> [TASK INPUT]:
• • • • • • •

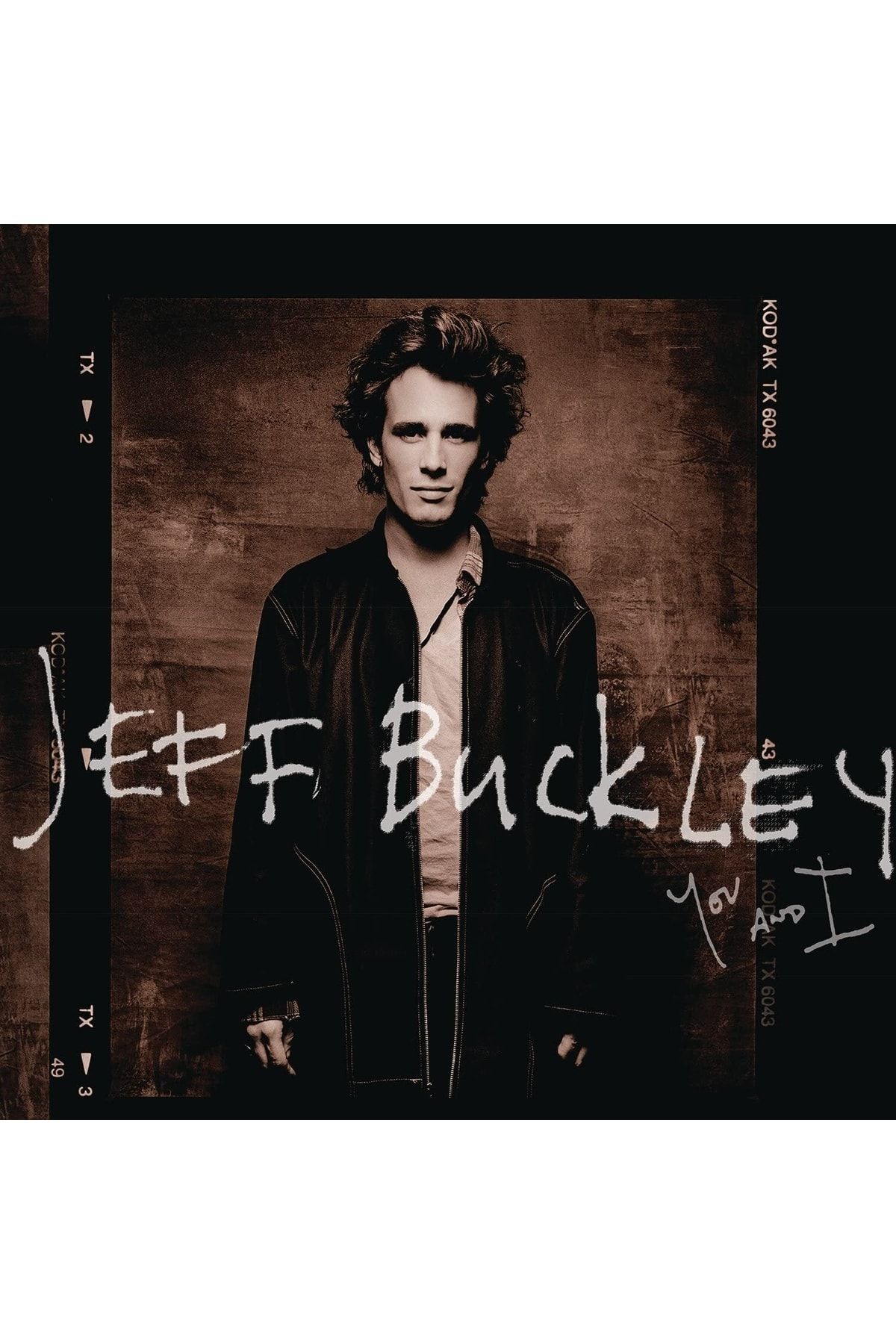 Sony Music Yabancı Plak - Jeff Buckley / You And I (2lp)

• • • • • • •

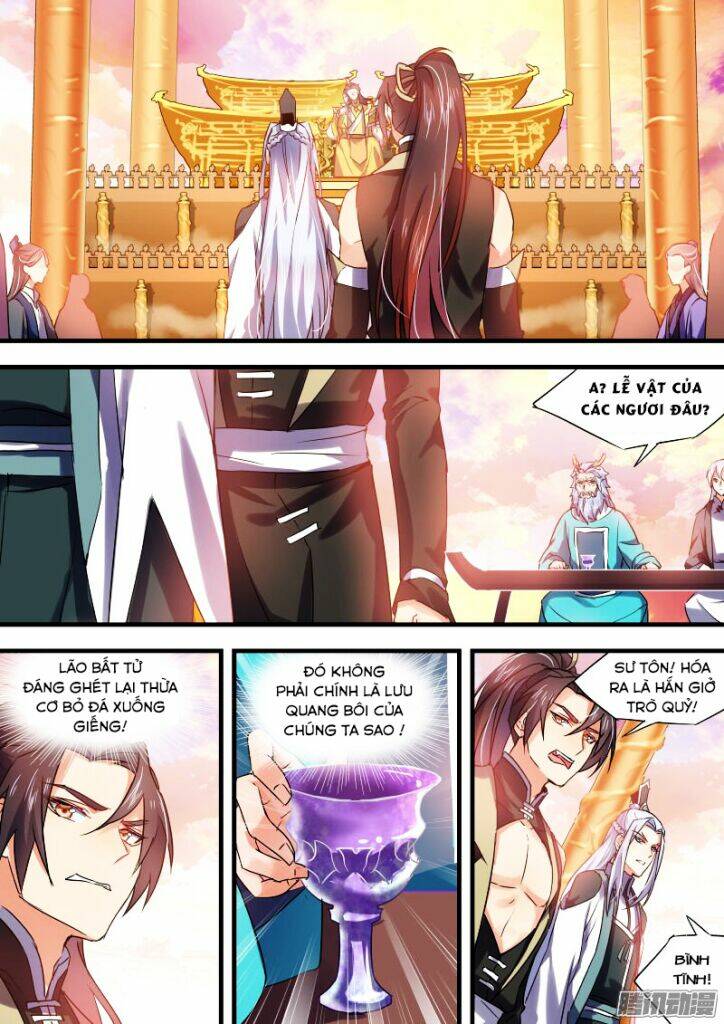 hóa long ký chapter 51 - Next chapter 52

• • • • • • •

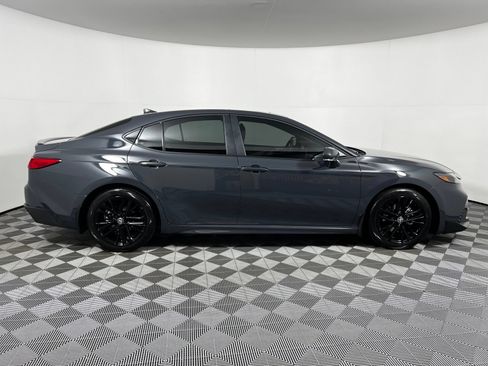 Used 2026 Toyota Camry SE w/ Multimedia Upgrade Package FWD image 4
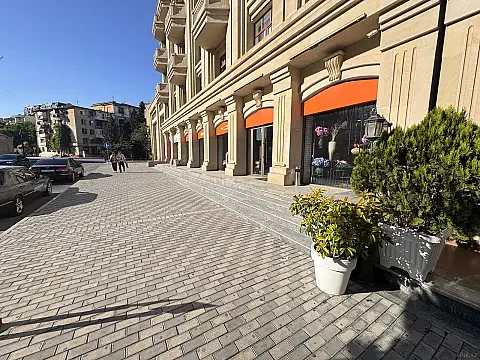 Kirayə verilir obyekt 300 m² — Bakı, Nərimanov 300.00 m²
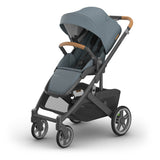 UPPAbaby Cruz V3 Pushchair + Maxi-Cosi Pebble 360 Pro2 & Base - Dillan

• • • • • • •

> [PROBLEM DESCRIPTION]:
In the data above, start at the line holding "Used 2026 Toyota" and stop after the line holding "UPPAbaby Cruz V3"; write out those lines exactly, without pictures.

> [TASK RESULT]:
 Used 2026 Toyota Camry SE w/ Multimedia Upgrade Package FWD image 4
 Kirayə verilir obyekt 300 m² — Bakı, Nərimanov 300.00 m²
 UPPAbaby Cruz V3 Pushchair + Maxi-Cosi Pebble 360 Pro2 & Base - Dillan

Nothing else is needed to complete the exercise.